The data =>
▶
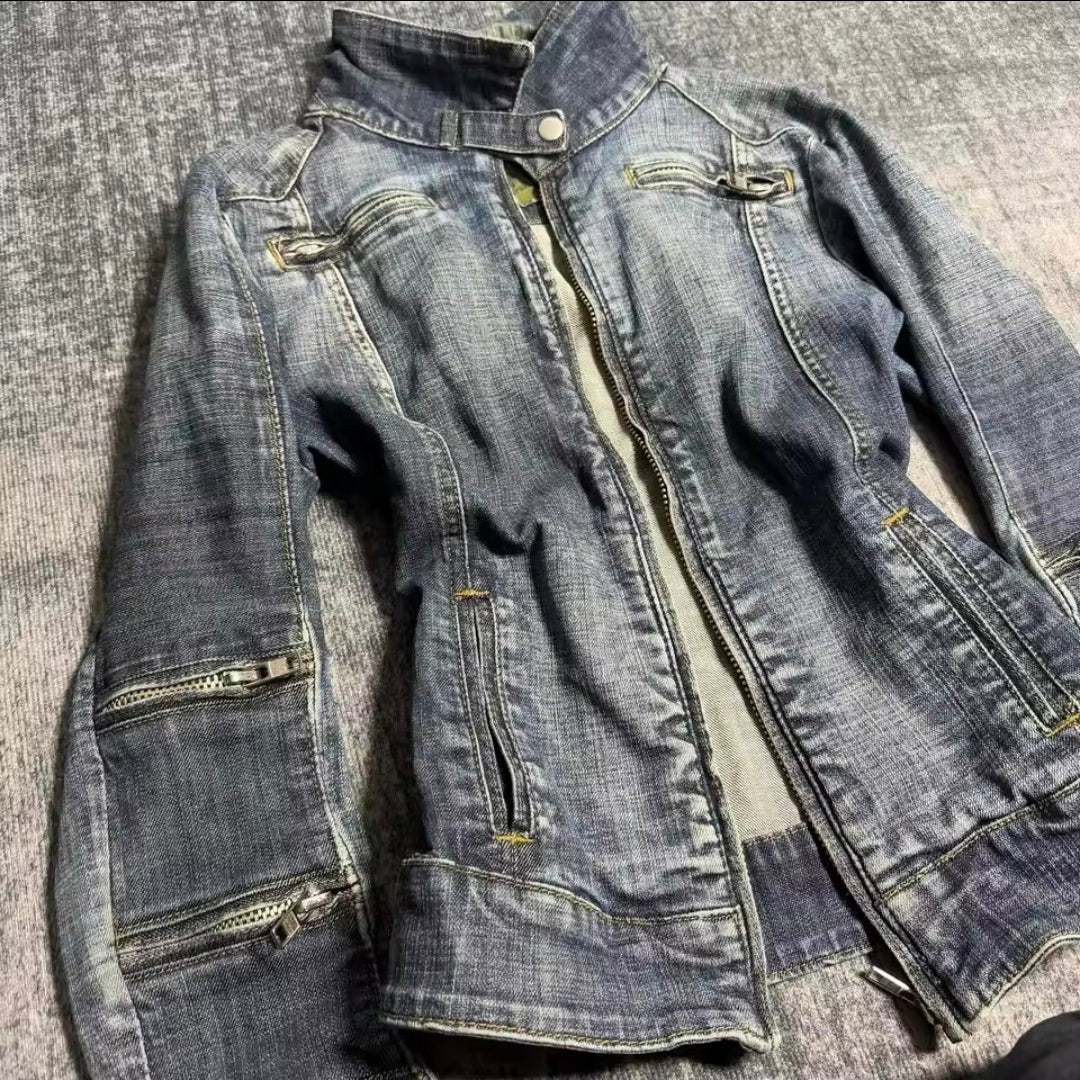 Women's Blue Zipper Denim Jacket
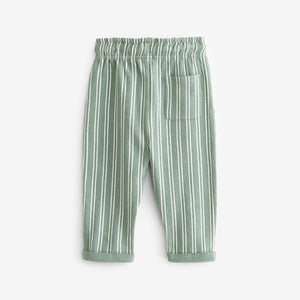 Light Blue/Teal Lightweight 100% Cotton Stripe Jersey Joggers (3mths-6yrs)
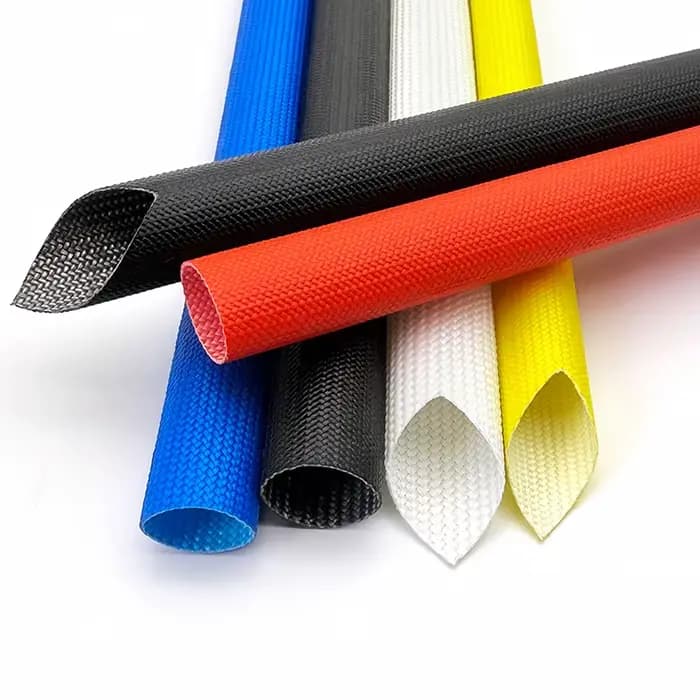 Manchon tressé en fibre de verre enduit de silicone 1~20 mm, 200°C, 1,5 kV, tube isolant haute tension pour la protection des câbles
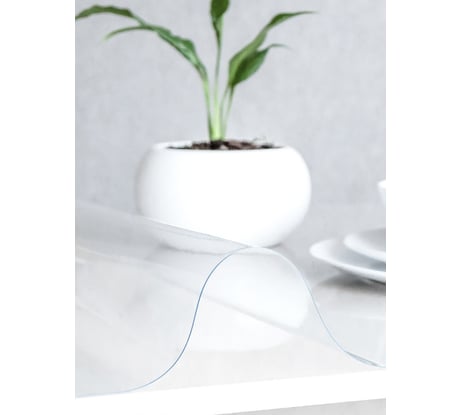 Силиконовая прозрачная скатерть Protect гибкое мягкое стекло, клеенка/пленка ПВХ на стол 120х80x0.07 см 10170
◀
▶
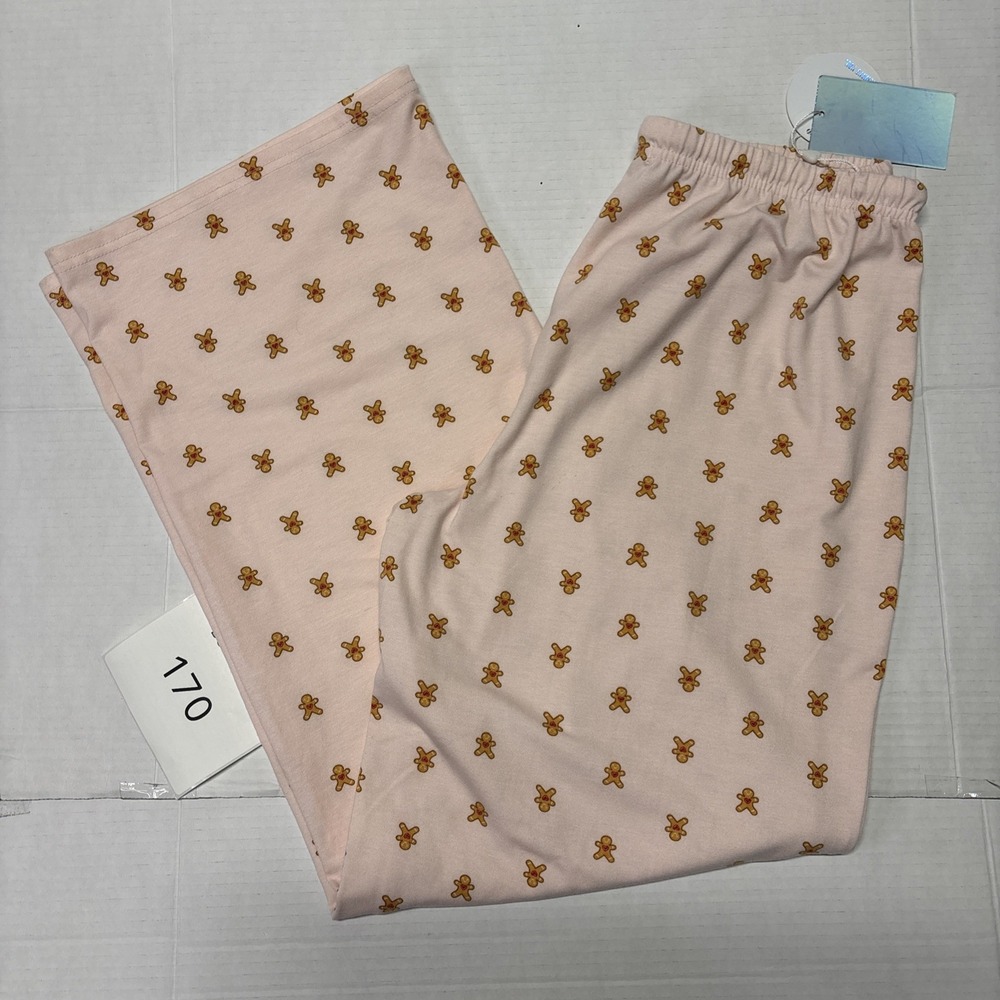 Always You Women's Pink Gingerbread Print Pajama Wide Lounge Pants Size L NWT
◀
Your answer must be everything above from the line with "Manchon tressé en" down to the line with "Силиконовая прозрачная скатерть", word for word, and no pictures.

Result below =>
 Manchon tressé en fibre de verre enduit de silicone 1~20 mm, 200°C, 1,5 kV, tube isolant haute tension pour la protection des câbles
 Силиконовая прозрачная скатерть Protect гибкое мягкое стекло, клеенка/пленка ПВХ на стол 120х80x0.07 см 10170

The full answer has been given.